The First NFL Head Coach To Be Fired In 2020 Is …

Here is a link to my NFL Pre-Season Analysis for this year.  I said there that Bill O’Brien would be fired as the GM of the Texans and that Coach O’Brien would be fired as part of that process.  It was Prediction # 21 for those who care.  Well, it happened earlier this week and not at the end of the season.  Bill O’Brien is the first coach and/or GM to lose his job in the NFL this season.

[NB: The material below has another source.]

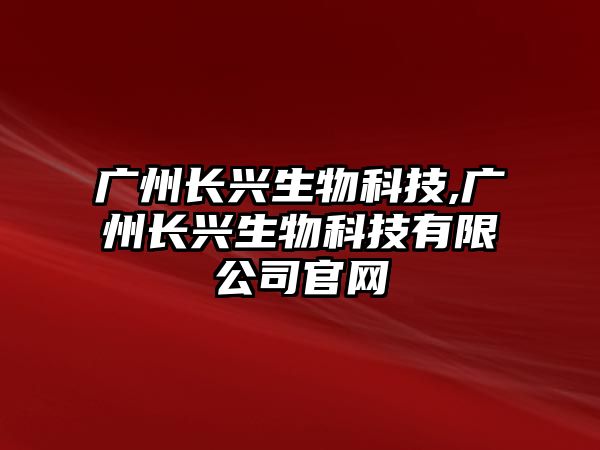 廣州長興生物科技,廣州長興生物科技有限公司官網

As a coach, O’Brien did well enough until this year’s 0-4 start – – even though those first 3 losses were to the Chiefs, Ravens and Steelers.  The 2020 version of the Texans is unimpressive at best.  Having said that, the problem with this team is about more than the coaching than it has gotten.  Fundamentally, this team is not as good as it could be – or ought to be – because of decisions made by the GM in assembling the roster.  In the case of the Texans, that GM and that coach happen to be one and the same hominid.

Here is something I said in that Pre-Season Analysis linked above:

“If I tried to tell you that I understand the reasoning behind most of the Texans’ off-season moves, I would be a big enough liar to run for the US Senate.”

The Texans have made some head-scratching personnel decisions over the past couple of years:

  • They gave up multiple first-round picks for Laremy Tunsil and then signed Tunsil to a bloated and team-unfriendly contract from a salary cap standpoint.
  • They traded away Jadeveon Clowney for next to nothing.
  • They traded DeAndre Hopkins for David Andrews – – say what?
  • They acquired Brandin Cooks – – a very good WR who is 27 years old and is now with his fourth NFL team.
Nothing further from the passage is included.